Now specialized sponsors like the Center for Cuban Studies in New York are rushing to schedule as many trips as they can before their current licenses expire this fall. The center has doubled its planned trips from 8 to 16 before its current license expires later this year. The American Museum of Natural History moved up a trip scheduled for December to November for the same reason. The Metropolitan Museum of Art, however, has canceled planned trips to visit artists and galleries because its license expired last month.
“The new regulations spell the virtual end of travel to Cuba for ordinary Americans,” said Nancy Chang, a lawyer for the Center for Constitutional Rights, a nonprofit civil rights group. The rules still leave exemptions for students on academic programs as well as for professional scholars, journalists, government officials and Cuban-Americans visiting family, but far fewer people fall into those categories.
The Bush administration is ending the educational licenses because it believes too many people have been using them mainly to have fun. It has been a more or less open secret that many ostensibly educational trips to the Havana Jazz Festival, for example, leave plenty of room for cigars, mojitos and beaches.
“The license was being abused,” said Taylor Griffin, a spokesman for the Treasury Department. “It undermined the intention of the U.S. sanctions against Cuba, which are to deprive the Castro regime of the financial wherewithal to continue to oppress its people.”
On March 24, the Office of Foreign Assets Control, the branch of the Treasury Department that administers the embargo, stopped granting new licenses and issued a rule eliminating the exemption. Officials in the office said the change was part of a constriction in Cuba policy that President Bush outlined in a fund-raising speech in Miami last May. It also coincided with a recent crackdown on Cuban dissidents by President Fidel Castro. The Treasury Department is formally accepting comment on the rule change until May 23.
Proponents of travel to Cuba, however, argued that some of the administration’s moves appear inconsistent. For example, the Treasury Department is simultaneously increasing the amount of money United States citizens can take to relatives in Cuba and expanding the number of relations they can travel to visit, a change potentially at odds with the goal of cutting off the Cuban government’s economic resources. “That is the irony,” said Ms. Chang of the Center for Constitutional Rights.

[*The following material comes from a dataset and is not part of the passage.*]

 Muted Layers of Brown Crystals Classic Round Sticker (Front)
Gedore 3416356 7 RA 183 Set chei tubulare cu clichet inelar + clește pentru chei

Cultural organizations and Cuban tour operators are urging their patrons to protest. “There is nothing more corrosive to the Castro regime than having wealthy, cultured, educated Americans going for study tours and stirring the pot with Cuban intellectual and opinion leaders,” said James F. Friedlander, chief executive of Academic Arrangements Abroad, which organizes educational tours for museums and other institutions.

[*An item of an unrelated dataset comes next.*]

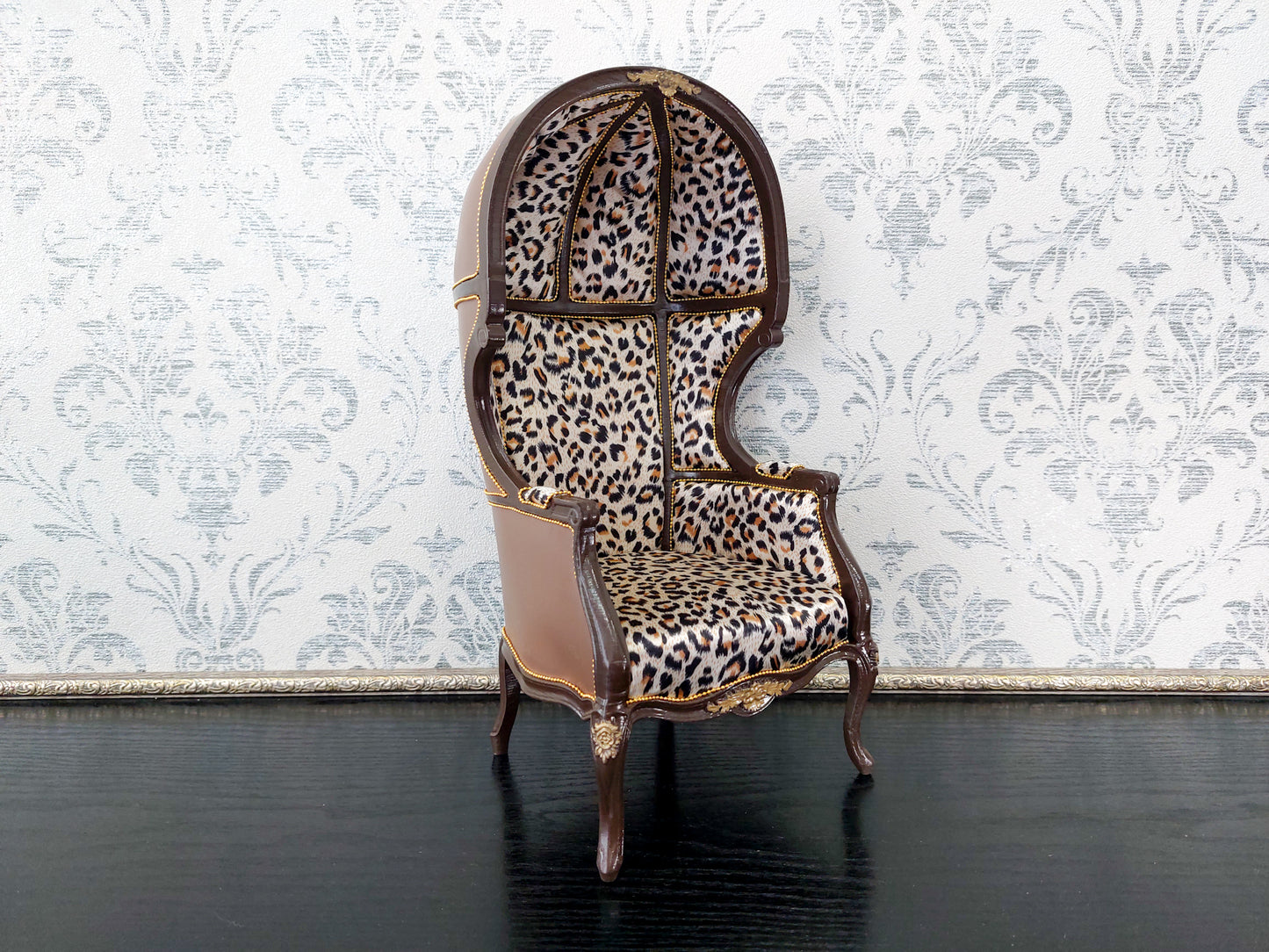 Versaille dome chair, brown & leopard print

Richard Moe, president of the National Trust for Historic Preservation, argued in a letter to Treasury Secretary John W. Snow that because of its dilapidation, “Cuba is a laboratory for restoration and preservation procedures of vital interest to the preservation community in the United States.” He urged that abuses of the licenses should be addressed without eliminating them completely.
Some organizations are already looking for ways to get back to Cuba under other exemptions, like one for religious groups. Mr. Beardsley of Stanford said, “It’s unfortunate if the only way people can go is on a religious trip, when the main interest of our alumni is in political science.”